## [TASK TO COMPLETE]
Leaving out every image, restate all the records word for word.

INFORMATION SHOWN START

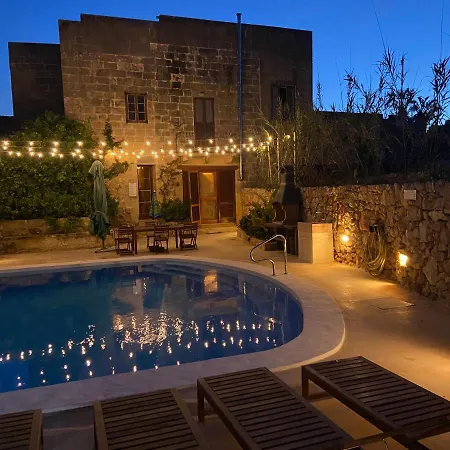 Razzett Cora Villa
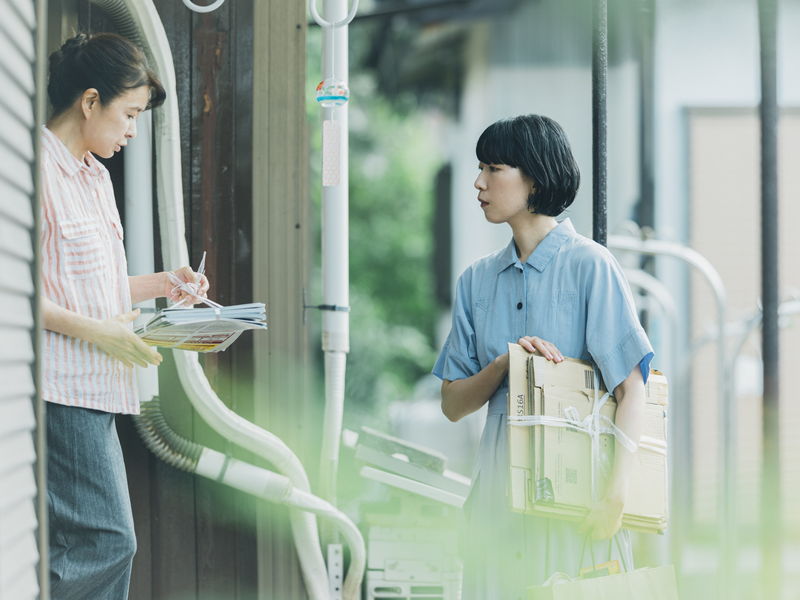 江口のりこ　先に眠りについた小泉孝太郎の手を切ない表情で触れる姿　「愛に乱暴」場面写真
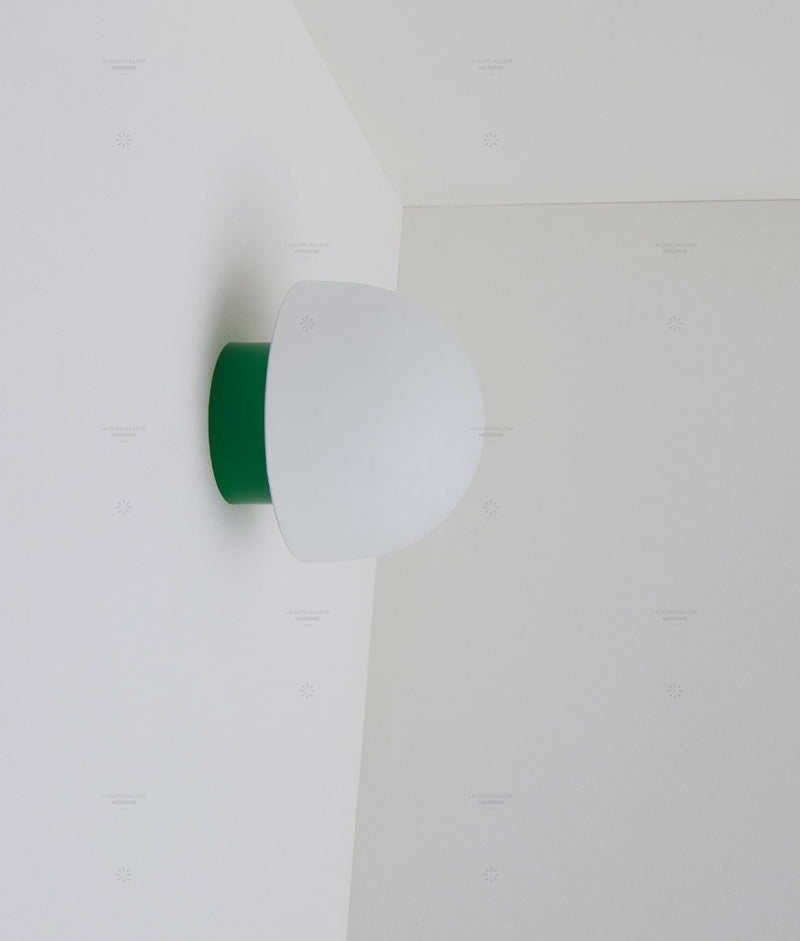 La Quincaillerie moderne - Applique / plafonnier "Bauhaus", vert prairie opaline blanche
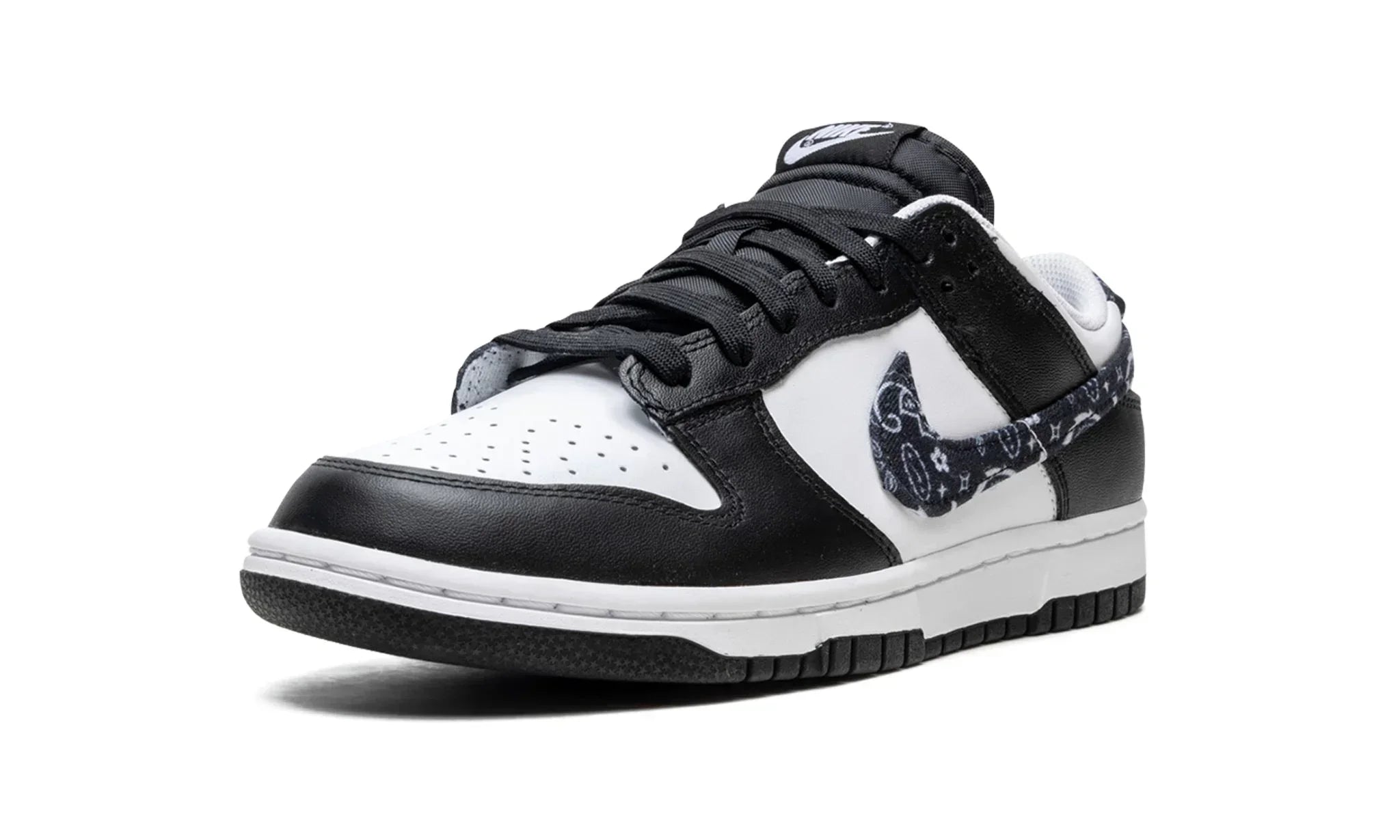 Tênis Nike Dunk Low Feminino "Black Paisley" Preto / Branco - DH4401-100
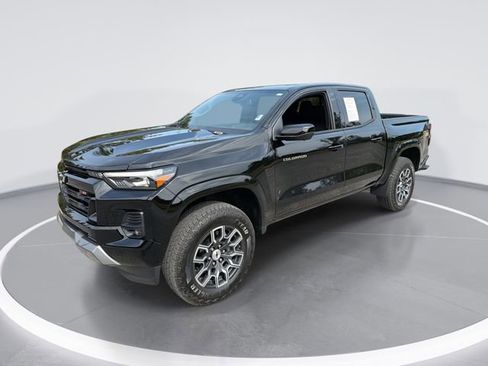 Used 2026 Chevrolet Colorado Z71 w/ Technology Package AWD/4WD image 1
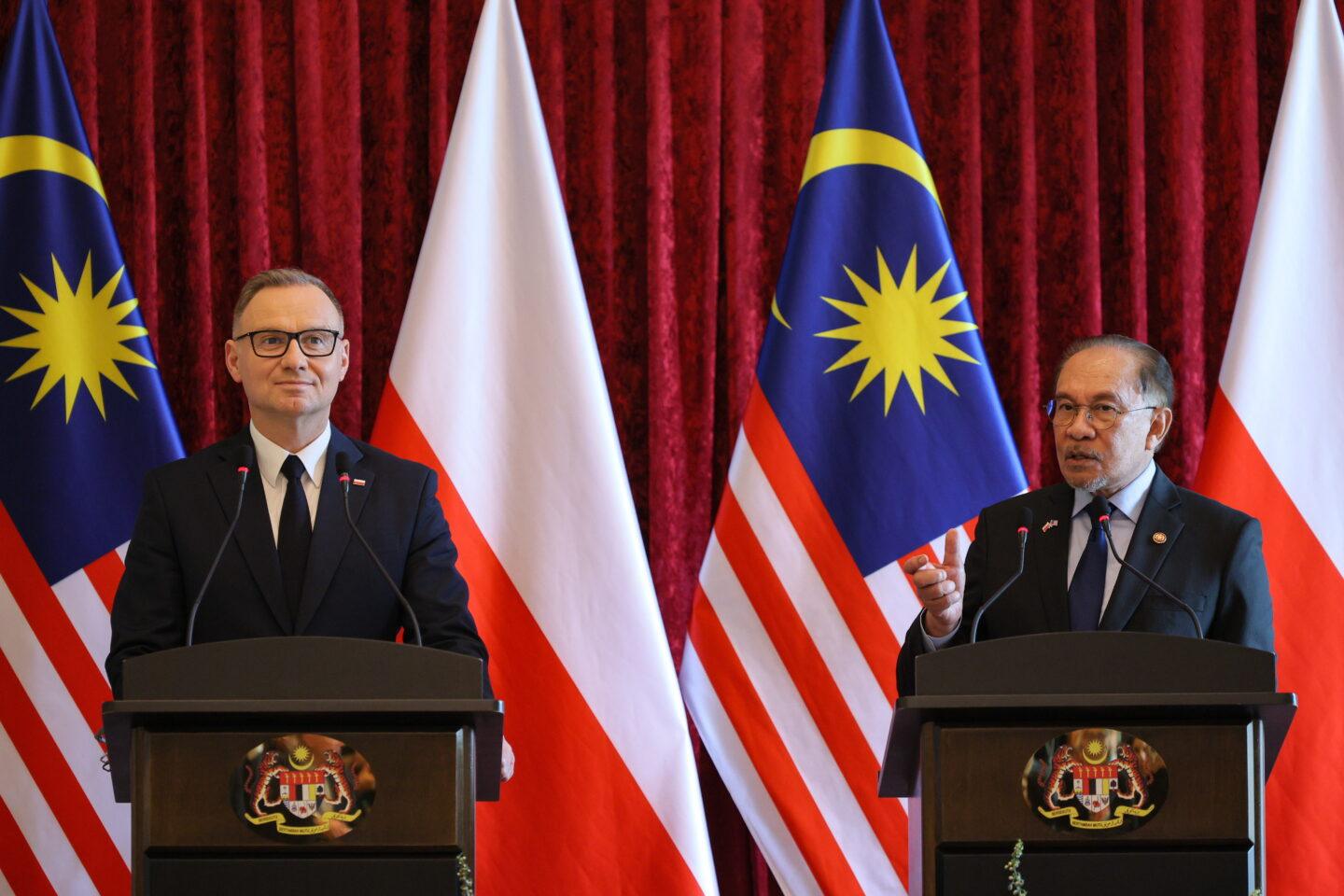 Prezydent RP Andrzej Duda (z lewej) oraz premier Malezji Anwar Ibrahim podczas spotkania w Kancelarii Premiera Malezji w Putrajai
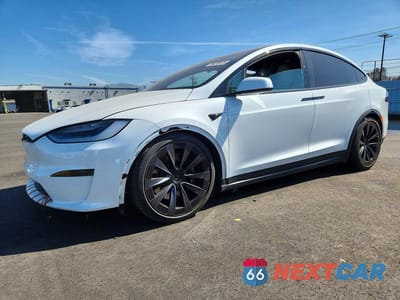 2023 TESLA MODEL X 7SAXCBE5XPF385023 - główne zdjęcie licytacji z USA - miniatura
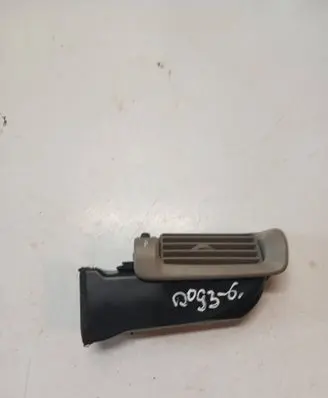 Volvo XC90 Rear air vent grill 8641828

INFORMATION SHOWN END

## [WRITTEN SOLUTION]
 Razzett Cora Villa
 江口のりこ　先に眠りについた小泉孝太郎の手を切ない表情で触れる姿　「愛に乱暴」場面写真
 La Quincaillerie moderne - Applique / plafonnier "Bauhaus", vert prairie opaline blanche
 Tênis Nike Dunk Low Feminino "Black Paisley" Preto / Branco - DH4401-100
 Used 2026 Chevrolet Colorado Z71 w/ Technology Package AWD/4WD image 1
 Prezydent RP Andrzej Duda (z lewej) oraz premier Malezji Anwar Ibrahim podczas spotkania w Kancelarii Premiera Malezji w Putrajai
 2023 TESLA MODEL X 7SAXCBE5XPF385023 - główne zdjęcie licytacji z USA - miniatura
 Volvo XC90 Rear air vent grill 8641828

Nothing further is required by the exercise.